Phone service provider files for protection
Advertiser Staff
Summit Communications Inc., a 6-year-old Honolulu-based telecommunications company with 40 employees, has filed for Chapter 11 bankruptcy protection, citing a general decline in the industry and the effects of Sept. 11.
The company, which competes with Verizon Hawaii as a local and long-distance phone service provider, will continue operations and hopes to emerge from bankruptcy within a year, said president Grant Johnston.
"Our purpose for filing a Chapter 11 is not to get out of our commitments," said Johnston. "It is simply to provide some relief on a temporary basis, to regroup and get back on track."
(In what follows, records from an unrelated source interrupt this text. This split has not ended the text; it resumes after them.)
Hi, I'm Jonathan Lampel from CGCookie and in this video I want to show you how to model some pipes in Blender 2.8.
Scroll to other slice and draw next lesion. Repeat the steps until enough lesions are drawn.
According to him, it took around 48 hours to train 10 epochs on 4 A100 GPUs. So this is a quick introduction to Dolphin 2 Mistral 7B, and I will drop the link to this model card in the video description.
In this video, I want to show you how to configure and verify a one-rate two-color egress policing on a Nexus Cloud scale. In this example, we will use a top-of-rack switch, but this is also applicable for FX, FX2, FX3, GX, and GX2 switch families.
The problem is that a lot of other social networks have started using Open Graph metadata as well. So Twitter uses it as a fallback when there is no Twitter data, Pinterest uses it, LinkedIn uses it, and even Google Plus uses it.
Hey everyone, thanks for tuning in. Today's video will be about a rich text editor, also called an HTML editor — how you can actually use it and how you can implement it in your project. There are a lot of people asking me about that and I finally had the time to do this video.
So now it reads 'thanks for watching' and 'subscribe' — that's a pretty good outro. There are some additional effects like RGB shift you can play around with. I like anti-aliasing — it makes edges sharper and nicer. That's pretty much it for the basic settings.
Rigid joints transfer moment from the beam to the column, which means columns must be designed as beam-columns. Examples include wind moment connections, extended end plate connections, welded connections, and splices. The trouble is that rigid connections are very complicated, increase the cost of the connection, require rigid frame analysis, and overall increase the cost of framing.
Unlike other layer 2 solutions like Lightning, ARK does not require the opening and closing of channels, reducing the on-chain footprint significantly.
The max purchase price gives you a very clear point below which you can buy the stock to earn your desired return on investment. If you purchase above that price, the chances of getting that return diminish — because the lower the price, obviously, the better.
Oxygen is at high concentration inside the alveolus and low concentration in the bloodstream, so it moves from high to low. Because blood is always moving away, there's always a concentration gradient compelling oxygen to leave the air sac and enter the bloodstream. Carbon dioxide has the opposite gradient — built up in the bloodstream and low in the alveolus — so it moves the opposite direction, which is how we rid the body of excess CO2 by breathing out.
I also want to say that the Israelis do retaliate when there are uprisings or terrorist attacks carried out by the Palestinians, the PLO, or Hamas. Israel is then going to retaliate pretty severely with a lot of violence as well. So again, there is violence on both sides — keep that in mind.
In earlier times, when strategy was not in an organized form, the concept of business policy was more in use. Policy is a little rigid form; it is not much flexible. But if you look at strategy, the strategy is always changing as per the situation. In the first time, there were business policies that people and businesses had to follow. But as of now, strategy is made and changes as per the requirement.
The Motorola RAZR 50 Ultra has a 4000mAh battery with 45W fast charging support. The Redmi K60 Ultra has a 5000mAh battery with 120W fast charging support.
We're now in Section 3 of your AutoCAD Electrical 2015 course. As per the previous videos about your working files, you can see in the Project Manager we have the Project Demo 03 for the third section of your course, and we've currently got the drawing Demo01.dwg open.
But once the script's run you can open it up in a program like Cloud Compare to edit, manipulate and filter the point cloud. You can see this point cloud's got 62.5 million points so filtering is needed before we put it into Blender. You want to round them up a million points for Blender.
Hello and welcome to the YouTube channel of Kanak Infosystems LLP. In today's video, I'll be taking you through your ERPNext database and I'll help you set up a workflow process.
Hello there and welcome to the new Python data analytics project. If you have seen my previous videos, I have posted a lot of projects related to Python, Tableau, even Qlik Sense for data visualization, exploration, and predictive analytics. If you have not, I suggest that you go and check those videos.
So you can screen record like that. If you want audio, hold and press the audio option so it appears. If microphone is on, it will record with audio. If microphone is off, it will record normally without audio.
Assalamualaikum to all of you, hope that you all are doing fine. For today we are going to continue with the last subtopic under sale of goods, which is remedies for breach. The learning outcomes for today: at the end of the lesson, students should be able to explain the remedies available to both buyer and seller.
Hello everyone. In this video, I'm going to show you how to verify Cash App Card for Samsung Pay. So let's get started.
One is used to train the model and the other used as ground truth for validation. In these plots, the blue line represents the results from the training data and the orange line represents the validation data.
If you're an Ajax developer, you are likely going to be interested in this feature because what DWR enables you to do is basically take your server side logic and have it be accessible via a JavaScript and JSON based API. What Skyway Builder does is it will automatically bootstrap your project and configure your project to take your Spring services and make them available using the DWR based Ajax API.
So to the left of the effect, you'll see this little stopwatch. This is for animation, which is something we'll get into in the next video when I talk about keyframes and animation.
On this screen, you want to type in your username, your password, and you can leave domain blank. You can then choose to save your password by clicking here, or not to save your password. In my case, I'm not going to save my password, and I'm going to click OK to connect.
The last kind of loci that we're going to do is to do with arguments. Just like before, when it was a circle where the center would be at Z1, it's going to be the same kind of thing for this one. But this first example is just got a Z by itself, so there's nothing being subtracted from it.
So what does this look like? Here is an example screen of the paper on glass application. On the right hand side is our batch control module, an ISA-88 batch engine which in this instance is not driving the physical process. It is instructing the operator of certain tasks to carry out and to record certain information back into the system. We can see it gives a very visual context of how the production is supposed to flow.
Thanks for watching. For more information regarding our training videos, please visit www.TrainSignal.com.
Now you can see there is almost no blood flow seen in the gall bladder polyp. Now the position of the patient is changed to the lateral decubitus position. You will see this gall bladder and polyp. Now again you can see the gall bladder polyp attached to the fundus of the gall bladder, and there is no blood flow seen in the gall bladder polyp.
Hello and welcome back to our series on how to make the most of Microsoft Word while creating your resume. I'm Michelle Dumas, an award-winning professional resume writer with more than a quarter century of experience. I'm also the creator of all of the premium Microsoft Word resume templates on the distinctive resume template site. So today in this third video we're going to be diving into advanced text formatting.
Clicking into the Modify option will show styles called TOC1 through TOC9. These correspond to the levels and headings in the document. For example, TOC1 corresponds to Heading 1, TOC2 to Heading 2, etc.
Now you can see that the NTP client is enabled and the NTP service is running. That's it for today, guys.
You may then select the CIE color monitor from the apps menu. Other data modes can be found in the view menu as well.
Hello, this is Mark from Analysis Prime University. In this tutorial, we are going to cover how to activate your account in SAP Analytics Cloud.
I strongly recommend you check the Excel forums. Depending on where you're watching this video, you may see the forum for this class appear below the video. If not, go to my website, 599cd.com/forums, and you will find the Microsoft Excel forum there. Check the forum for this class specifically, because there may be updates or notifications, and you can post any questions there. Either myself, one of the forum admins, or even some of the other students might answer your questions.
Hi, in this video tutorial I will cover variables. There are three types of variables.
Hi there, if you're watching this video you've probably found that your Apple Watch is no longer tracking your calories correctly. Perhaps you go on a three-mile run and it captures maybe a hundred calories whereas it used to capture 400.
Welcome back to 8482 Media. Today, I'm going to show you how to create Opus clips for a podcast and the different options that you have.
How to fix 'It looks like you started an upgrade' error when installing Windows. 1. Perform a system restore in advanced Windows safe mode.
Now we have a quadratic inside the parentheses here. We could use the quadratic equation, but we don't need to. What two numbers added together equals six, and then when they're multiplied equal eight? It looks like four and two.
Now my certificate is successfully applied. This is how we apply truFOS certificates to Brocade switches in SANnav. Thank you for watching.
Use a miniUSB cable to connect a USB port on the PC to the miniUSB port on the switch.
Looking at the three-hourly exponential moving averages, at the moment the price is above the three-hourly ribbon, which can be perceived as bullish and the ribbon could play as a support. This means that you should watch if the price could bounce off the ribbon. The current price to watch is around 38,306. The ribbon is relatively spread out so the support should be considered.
Summit is the latest in a string of high-technology companies based in Hawai'i to run into difficulty. Adtech laid off about 45 workers as demand for its telecommunications test equipment declined; online translation firm WorldPoint eventually shrank from a 120-employee operation to a bankrupt one-man firm; and Ohana Foundation, a nonprofit developer of educational software, closed in the fall and laid off about 90 workers.
"I think the environment will eventually become favorable again for high-tech startups," said Johnston. "The fact that a lot of the startups have not succeeded is not just here in Hawai'i but nationwide."
Summit has dropped from a peak of 55 employees in June 2001 to the current 40 and has also cut salaries, Johnston said. "At this point, we have no intention of reducing staff (further)," he added
Johnston said the company has contracts to provide long-distance and local telephone service to time-share condominiums. Since the Sept. 11 attacks, the number of visitors to those buildings has declined .
Summit listed between $1 million and $10 million in assets and liabilities.
"We have to meet with the creditors to put together the reorganization plan," said Steven Guttman, the attorney representing Summit. "I'm optimistic we will have an agreement."